I recently stumped across a problem, which I need to solve. Of course, I used an calculator and I got $s=3$, but I want to know how to do it step by step.
The problem is kind of complex: $$\frac{2^{3s+11}-s^5}{(\frac{10s}{3})^5}-\frac{999}{100000s}=10.48$$ Here's what I tried doing:
$$\frac{243(2^{3s+11})-243s^5}{100000s^5}=10.48+\frac{999}{100000s}$$
$$243(2^{3s+11})-243s^5=1048000s^5+999s^4$$
$$2^{3s+11}-s^5=\frac{1048000s^5+999s^4}{243}$$
$$2^{3s+11}=\frac{1048243s^5+999s^4}{243}$$
$$2^{3s}=\frac{1048243s^5+999s^4}{497664}$$
$$2^s=\sqrt[3]{\frac{1048243s^5+999s^4}{497664}}$$
At this point, I tried simplifying the problem in two ways:
First by taking logarithms. When I did this way, I ended up in an endless loop where I was breaking down logarithm into parts by logarithm properties, but I had to join them together again and I got back to where I started.

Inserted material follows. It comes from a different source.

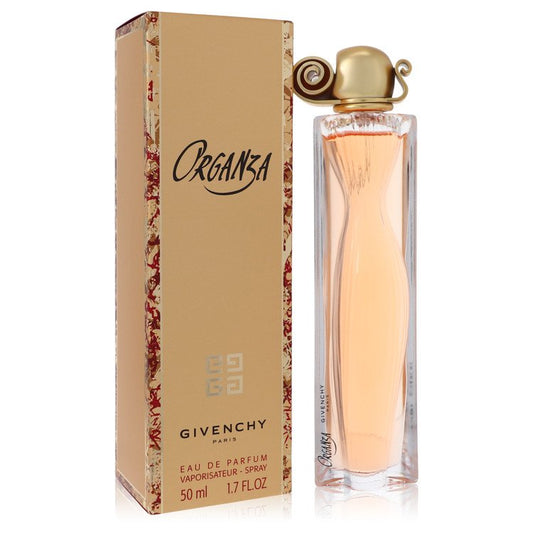 Givenchy Organza Eau De Parfum Spray for Women by Avera Group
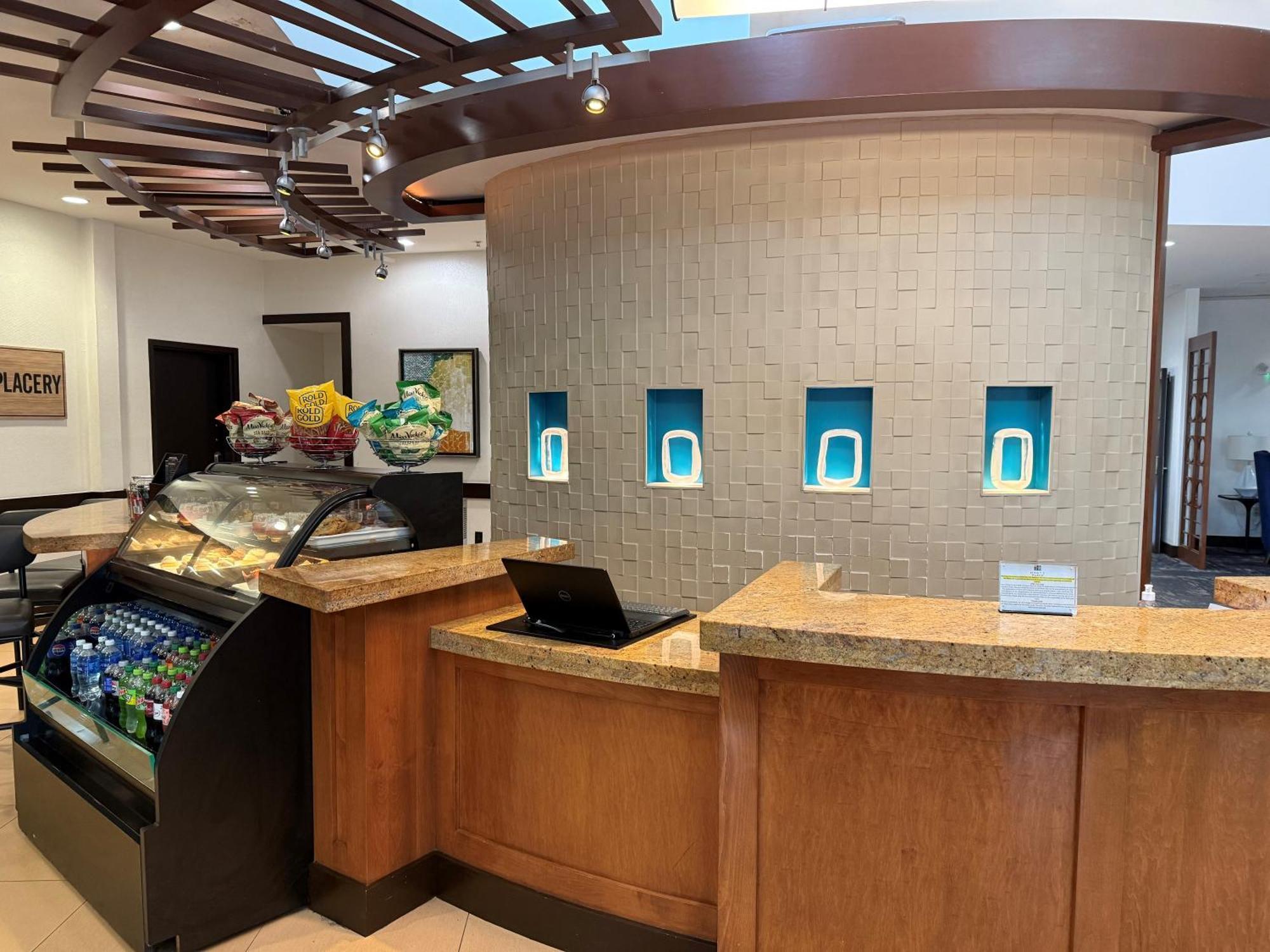 Hyatt Place Fort Myers At The Forum Esterno foto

Another way I tried, is I tried turning what I got into some kind of quadratic equation somehow, but I didn't really succeed. This is what I did:
$$2^s=\frac{\sqrt[3]{1048243s^5+999s^4}}{\sqrt[3]{13824\,\,\cdot\,\,36}}$$
$$2^s=\frac{s\sqrt[3]{1048243s^2+999s}}{24\sqrt[3]{36}}$$
$$24\sqrt[3]{36}\,\,\cdot\,\,2^s=s\sqrt[3]{1048243s^2+999s}$$
$$\frac{24\sqrt[3]{36}\,\,\cdot\,\,2^s}{s}=\sqrt[3]{1048243s^2+999s}$$
$$\frac{(24^3)(\sqrt[3]{36}^3)(2^s)^3}{s^3}=1048243s^2+999s$$
$$\frac{497664(2^{3s})}{s^3}=1048243s^2+999s$$
When I do it this way, I also get into an endless loop. I also don't know if I can bring everything on one side and set it to zero, and then solve it using quadratic formula. Probably not because one of the terms is $\frac{c}{s^3}$.

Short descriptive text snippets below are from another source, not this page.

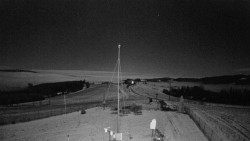 Troják, Maruška - meteo stanice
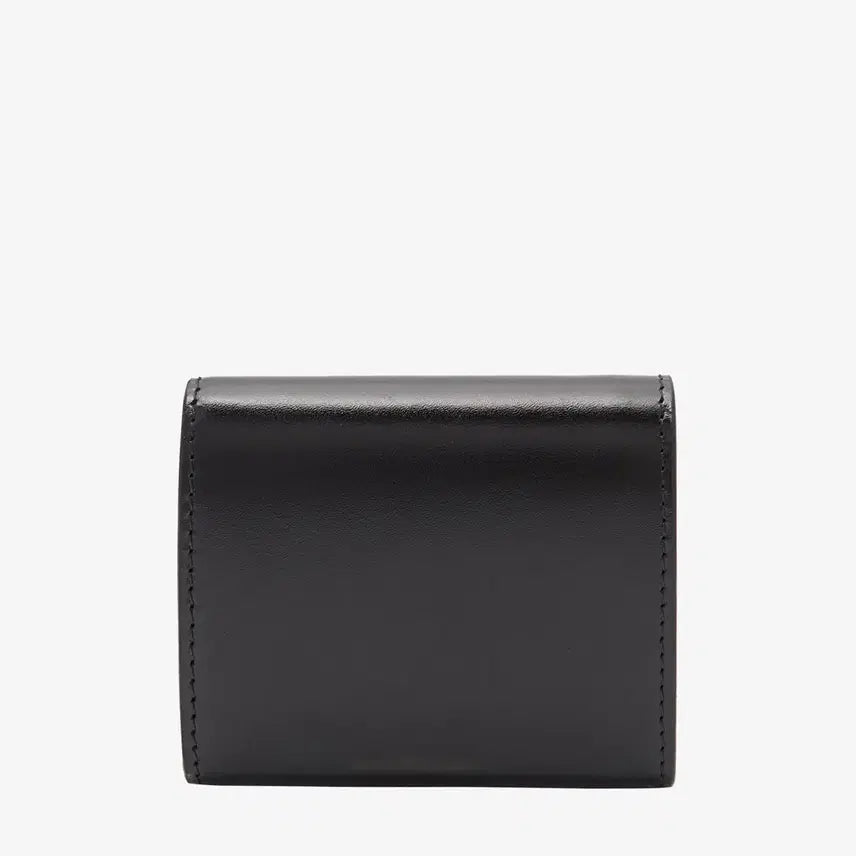 [BUNJANG] A.P.C. Envelope Wallet Black / A.P.C. 아페쎄 엔벨로프 반지갑 블랙 새상품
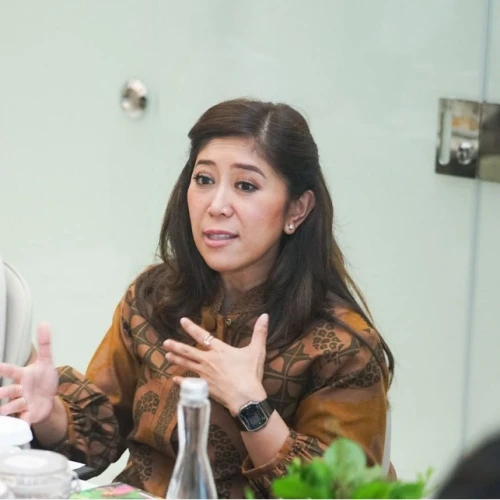 Kekerasan Seksual Online terhadap Perempuan Meningkat, Tembus 1.600 Kasus, Pengawasan Platform Digital Diperketat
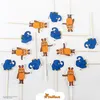 Dr. Oetker Party-Picker "Maus & Elefant" DieMaus, Produktbild-Vorschau 5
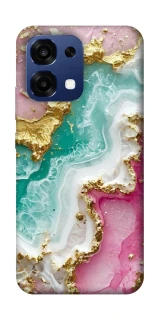 Чохол на Oppo A6 Pro 4G/5G Epoxy design ver.1 фото 1 з 2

How can I then solve for $s$? Am I doing it right, or did I miss something? Remember the original equation is: $$\frac{2^{3s+11}-s^5}{(\frac{10s}{3})^5}-\frac{999}{100000s}=10.48$$
Thank you for help, and please don't vote down for no reason.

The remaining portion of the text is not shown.